--- Work request ---
Repeat exactly, and only, the lines below starting at the line that contains "Super fast service, 24/7" and ending at the line that contains "2019 JCB 507-42 Forklift", inclusive of both.

Dataset records Block Start

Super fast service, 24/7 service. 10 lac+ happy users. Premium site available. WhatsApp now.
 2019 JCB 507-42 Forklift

Dataset records Block End
Dataset records Block Start

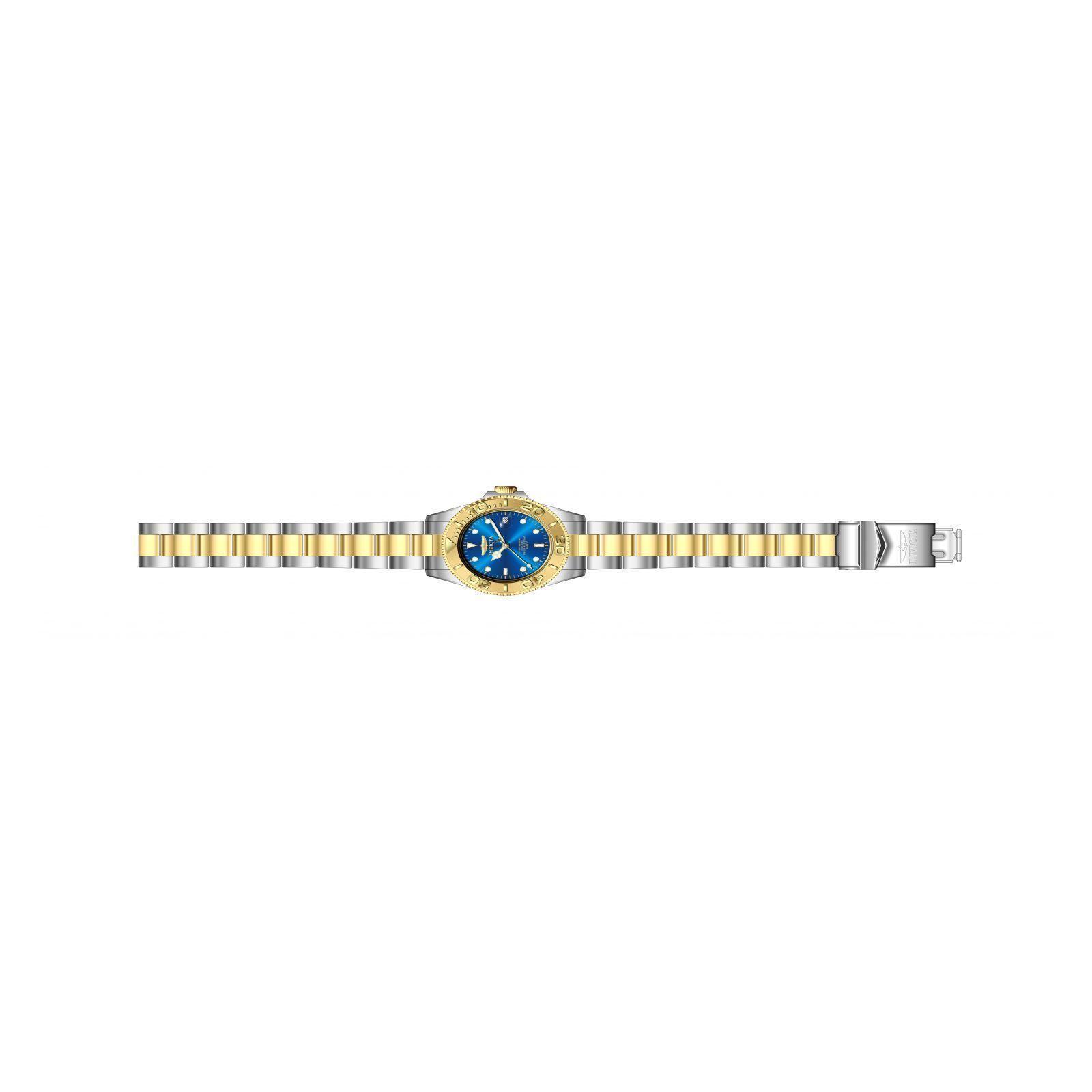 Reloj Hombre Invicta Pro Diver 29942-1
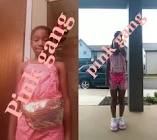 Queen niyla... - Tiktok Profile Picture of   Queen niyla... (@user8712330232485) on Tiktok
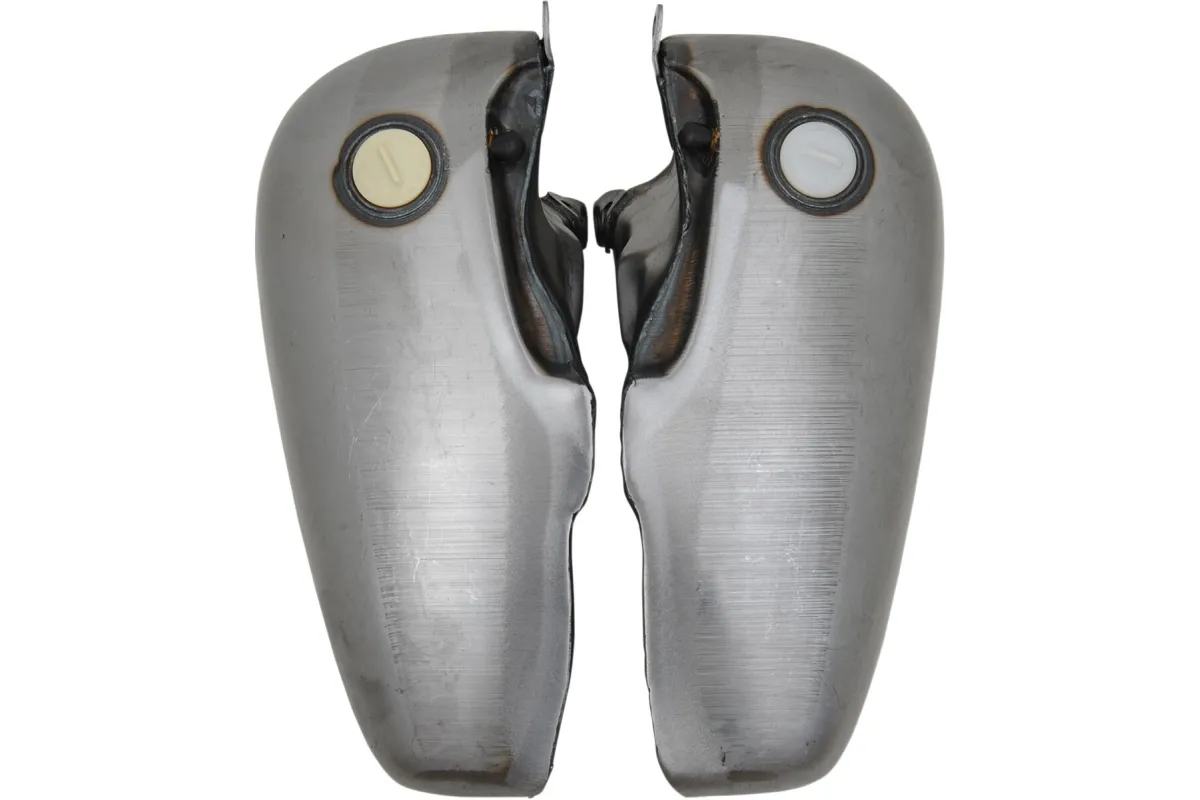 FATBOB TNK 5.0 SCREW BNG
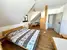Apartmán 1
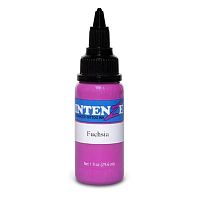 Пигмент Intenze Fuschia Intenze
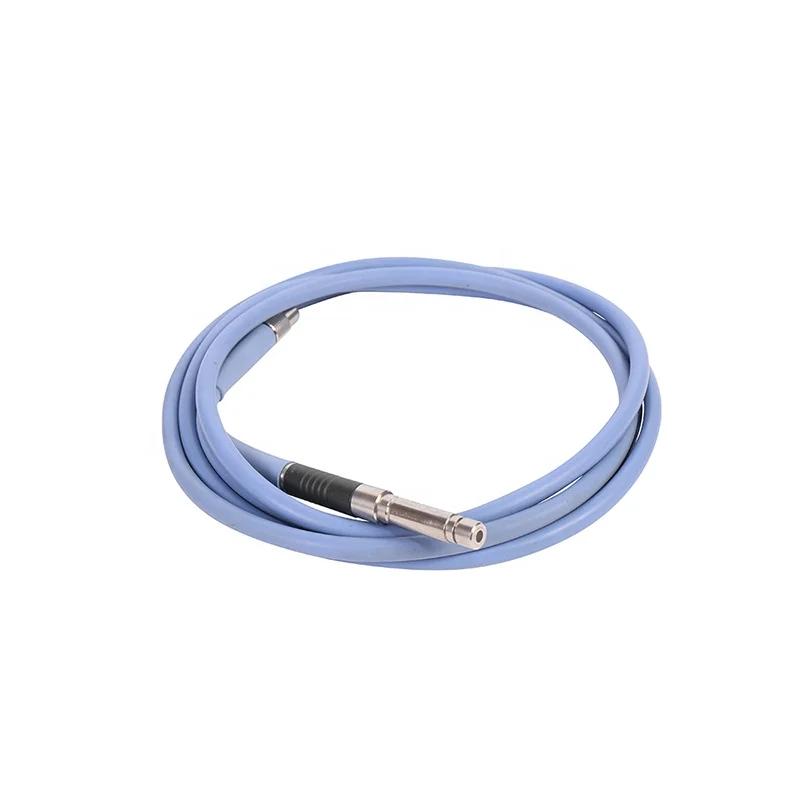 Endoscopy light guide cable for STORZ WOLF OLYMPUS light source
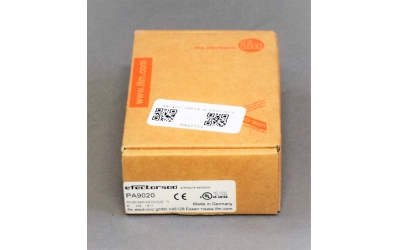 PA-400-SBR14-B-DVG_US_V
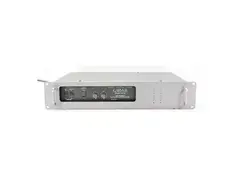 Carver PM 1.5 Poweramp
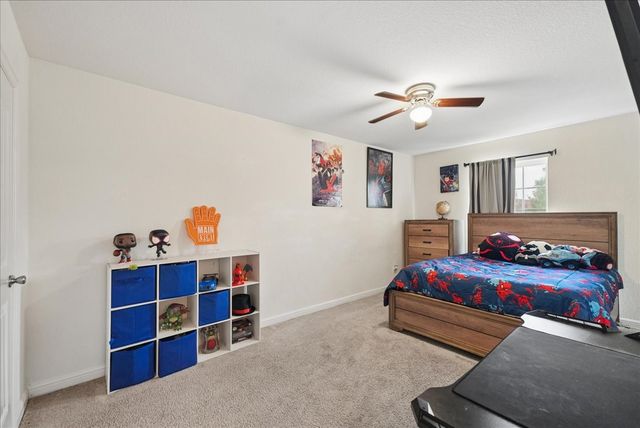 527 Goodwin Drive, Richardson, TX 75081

Dataset records Block End

--- Expected answer ---
Super fast service, 24/7 service. 10 lac+ happy users. Premium site available. WhatsApp now.
 2019 JCB 507-42 Forklift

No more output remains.